Slavery has always existed [...] and will continue forever. We go further still, and assert, that slavery as it exists, in the South, is the best form in which it can exist. [...] We deny, we boldly deny, that slavery, as it exists in the South, is the monster which it has been described to be. We deny that it is fraught with either
danger or deleterious influence.
— Duff Green

=== Later administration ===
By 1834, the office of the Telegraph was similar in size to that of other major Washington papers, including the National Intelligencer and the Washington Globe. The Telegraph acquired advanced presses from R. Hoe & Company, then the largest printing press manufacturer in the United States. An adjacent stereotype foundry produced duplicate printing plates to replace those worn down by press machinery, while a bindery bound over a dozen periodicals published by the firm. Well over a hundred people were employed by the paper, including around 75 printers, alongside a number of women.

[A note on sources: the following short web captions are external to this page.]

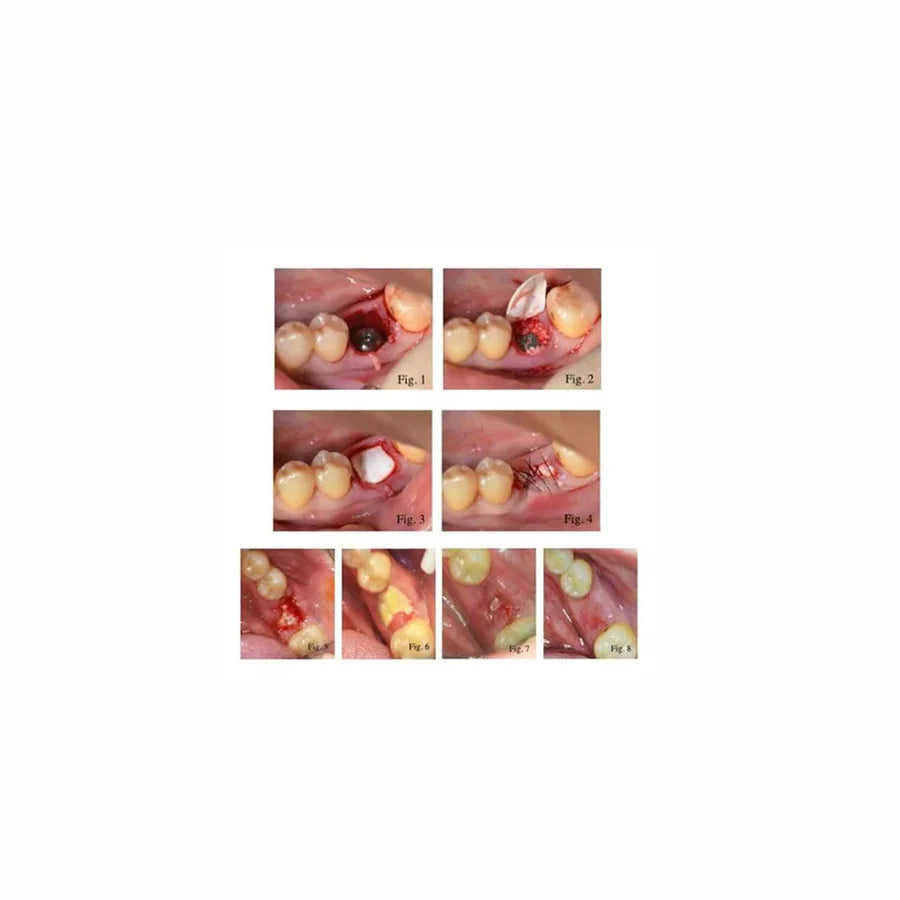 Textured ePTFE GBR Membrane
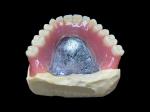 Easy-to-Clean Custom Cast Partial Dentures Ideal for Restoring Chewing Ability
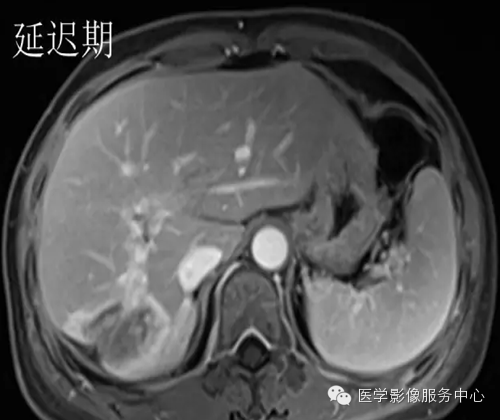 肝脏肿瘤的典型征象—棒棒糖征 肝脏肿瘤的典型征象—棒棒糖征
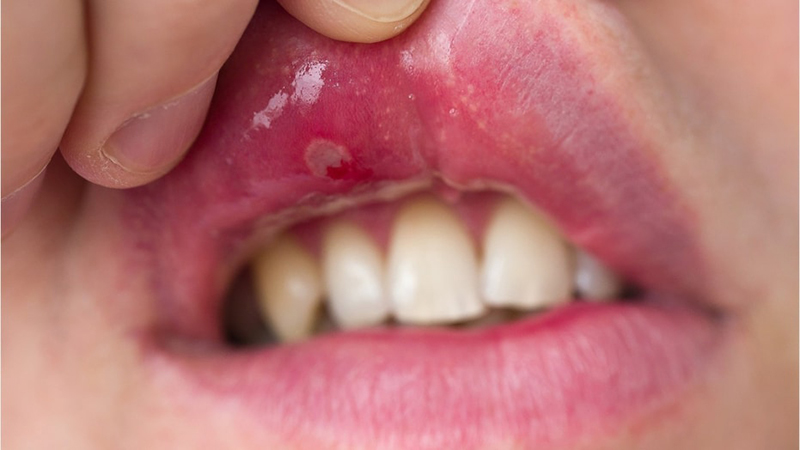 5 lưu ý chăm sóc răng miệng cho người bệnh Lupus ban đỏ- Ảnh 1.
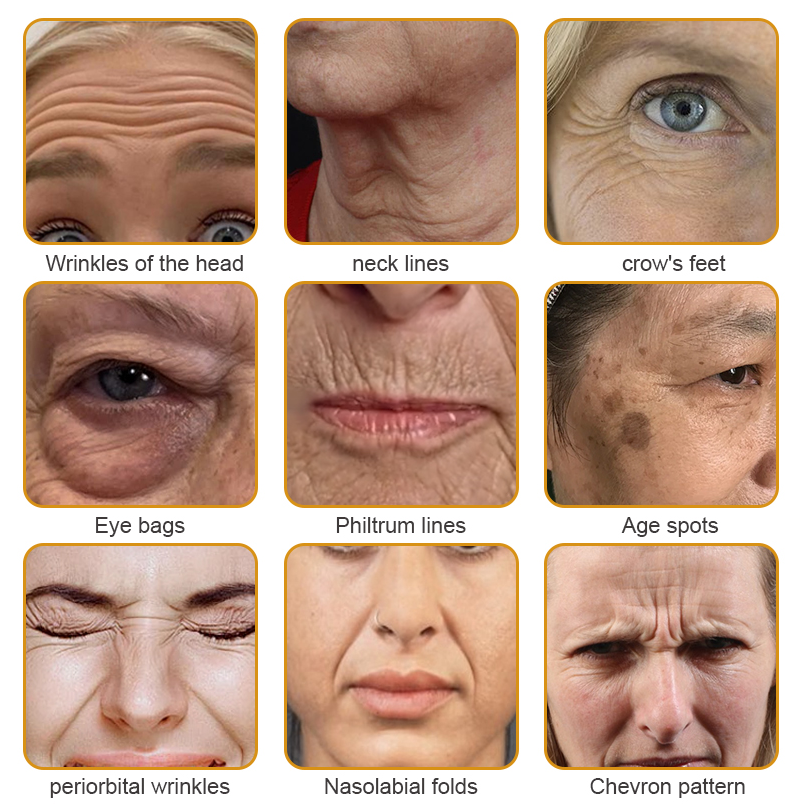💎🍀Made and Shipped from the USA ✅Furzero™ Botox Bee Venom Wrinkle Removal Cream-Last Day Promotion 70% OFF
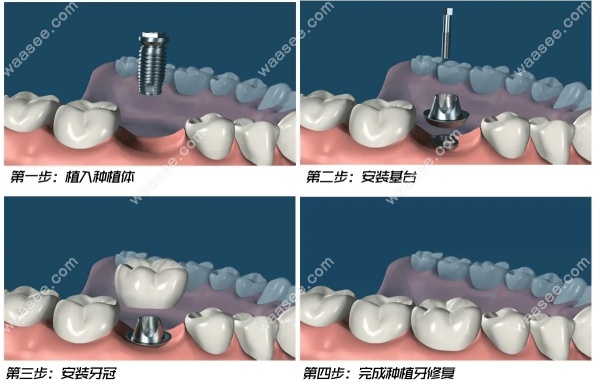贵阳柏乐口腔和柏德口腔种牙好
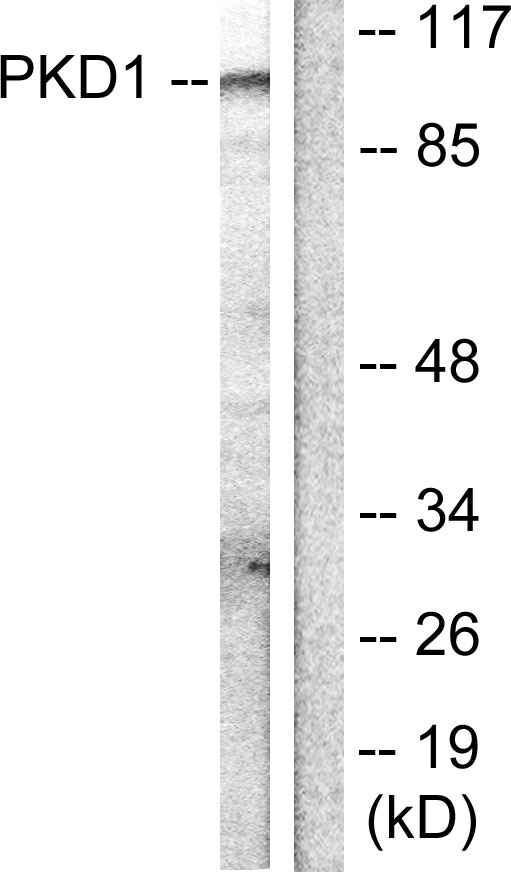 PRKD1 / PKC Mu Antibody - Western blot analysis of lysates from HUVEC cells, treated with PMA 125ng/ml 30', using PKD1/PKC mu Antibody. The lane on the right is blocked with the synthesized peptide.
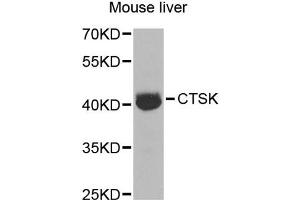Western blot analysis of extracts of mouse liver, using CTSK antibody (ABIN5970899) at 1/1000 dilution. (Cathepsin K antibody)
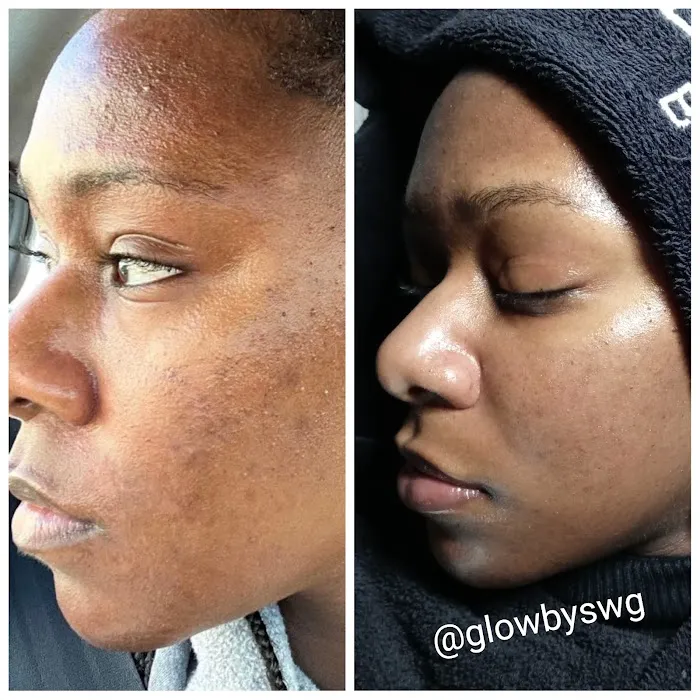 GLOW BY SWG Picture 8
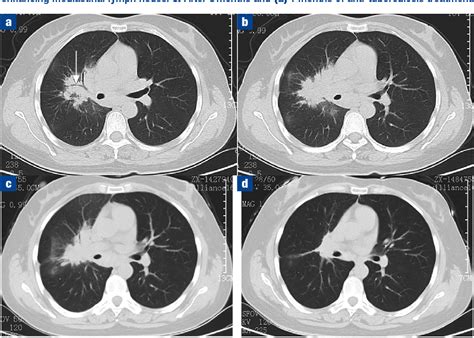 Figure 1 From An Unusual Right Hilar Mass With Enlarged Mediastinal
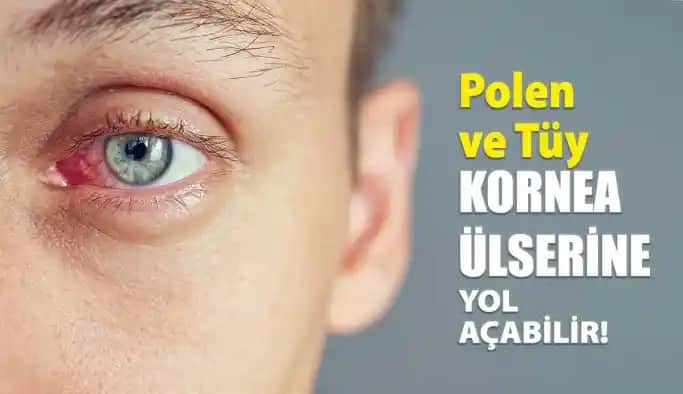 Güneş Alerjisi ve Göz Sağlığı: Korunma Yöntemleri ve Bakım İpuçları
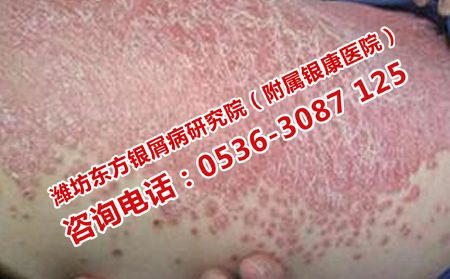 牛皮癣长久性发作的危害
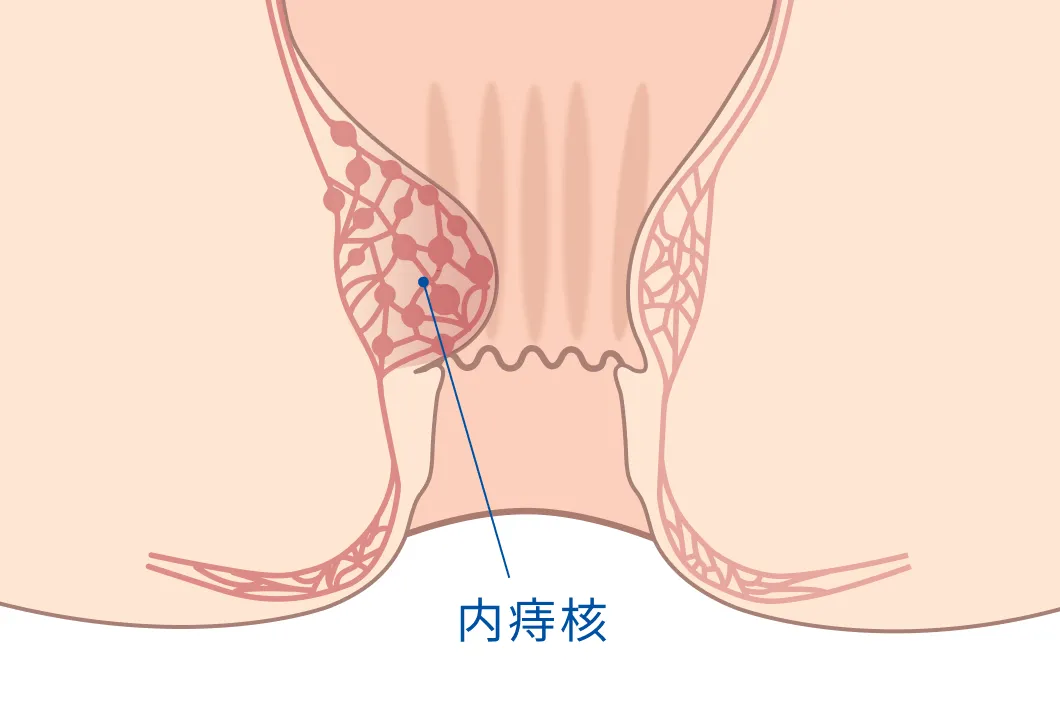 内痔核の位置を示す断面イラスト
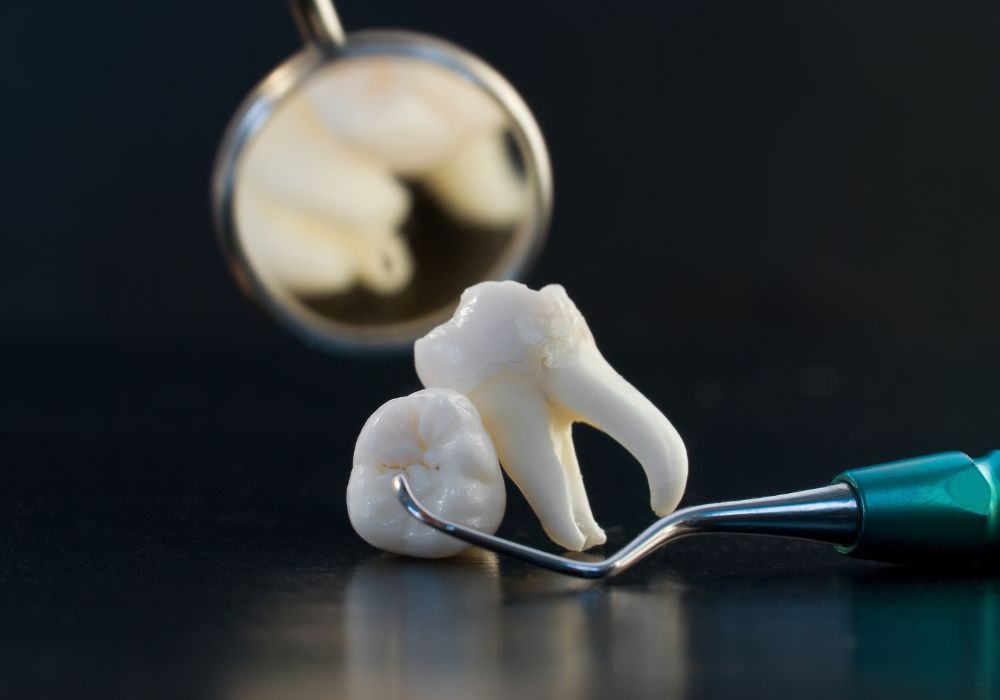 Wisdom Tooth Extraction from our experts at 1000 Dental Smiles and Implant Center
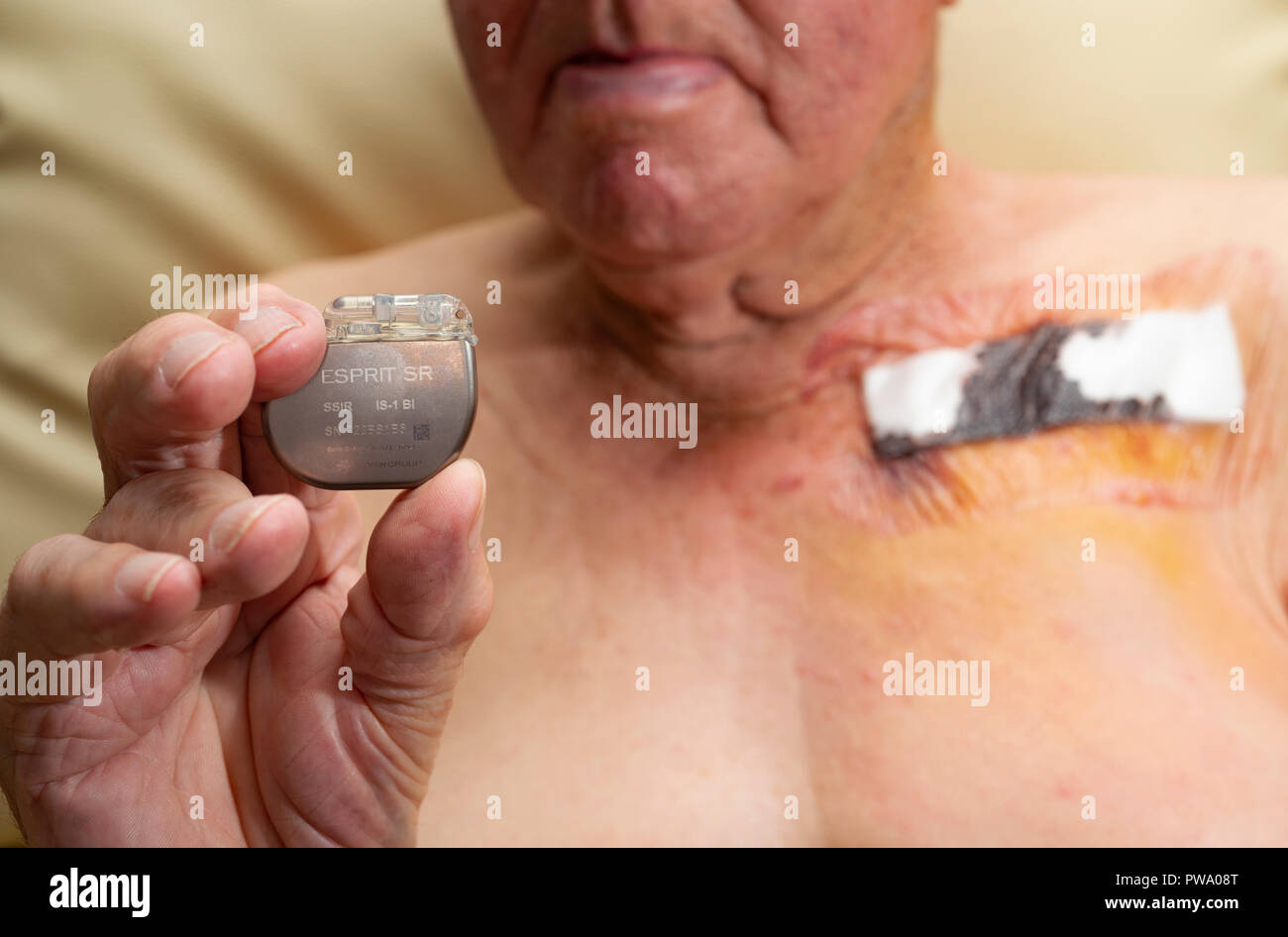 NHS-Patienten Holding ein Friedensstifter nach Chirurgie mit neuen Gerät zu aktualisieren, Stockfoto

Green planned to create the "Washington Institute", a Catholic orphanage that would educate children as printing apprentices and congressional reporters. This led to a protracted walkout from Telegraph journeyman printers in 1834, fearing increased competition by large numbers of apprentices. After more than a month, Green publicly rejected the proposal. However, the addition of advertisements for the proposed institution sparked outrage and conflict with a local printer's union, the Printers of the District of Columbia. The union filed a call for strike action and a public denouncement on Green, prompting him to again reject the proposal on October 15, ending the two-month walkout.

Jackson doubled the subscription price of the Country Telegraph in 1834, although subscribers who paid in advance additionally received the Register of Debates, a daily account of congressional proceedings. A new weekly edition, entitled the Political Register, was offered for $5 a year, also bundled with the Register of Debates.

=== Crallé and The Reformer ===

The undersigned is compelled by other indispensable engagements to withdraw from the publication of the United States Telegraph the subscribers to which will hereafter receive in its stead 'The Reformer', a new paper published in this city by Messrs. William W. Moore and Co. and edited by Richard K. Cralle, Esq.
— Duff Green, Final issue of the United States Telegraph, February 21, 1837

The Telegraph increasingly focused on the defense of slavery. Historian Fletcher M. Green stated that it had become "little less than an antiabolition sheet" by 1835. Initially supporting Calhoun as a candidate for the 1836 presidential election prior to his refusal to stand for election, Green began to cautiously support Whig candidate William Henry Harrison. Green's increasing focus on business interests prompted him to first entrust management of the paper to assistant editor Edward R. Gibson for several months in late 1835 and early 1836. Calhoun attempted to convince Green to return to his role as editor, but he instead removed Gibson and attempted to hire Judge Abel P. Upshur as chief editor. Upshur refused, citing poor health, leading to the appointment of Richard Kenner Crallé beginning on October 5, 1836. Crallé supported both Harrison and Hugh L. White, to the approval of Green.

Crallé's tenure as editor was short-lived, as Green's outstanding debts led to the Telegraph ceasing publication in February 1837, with Green citing his "indispensable engagements" for the cancellation. A short-lived triweekly paper titled The Reformer was published by Crallé as a successor to the Telegraph. It began publication on February 22, with its last issue published three months later on April 29, 1837.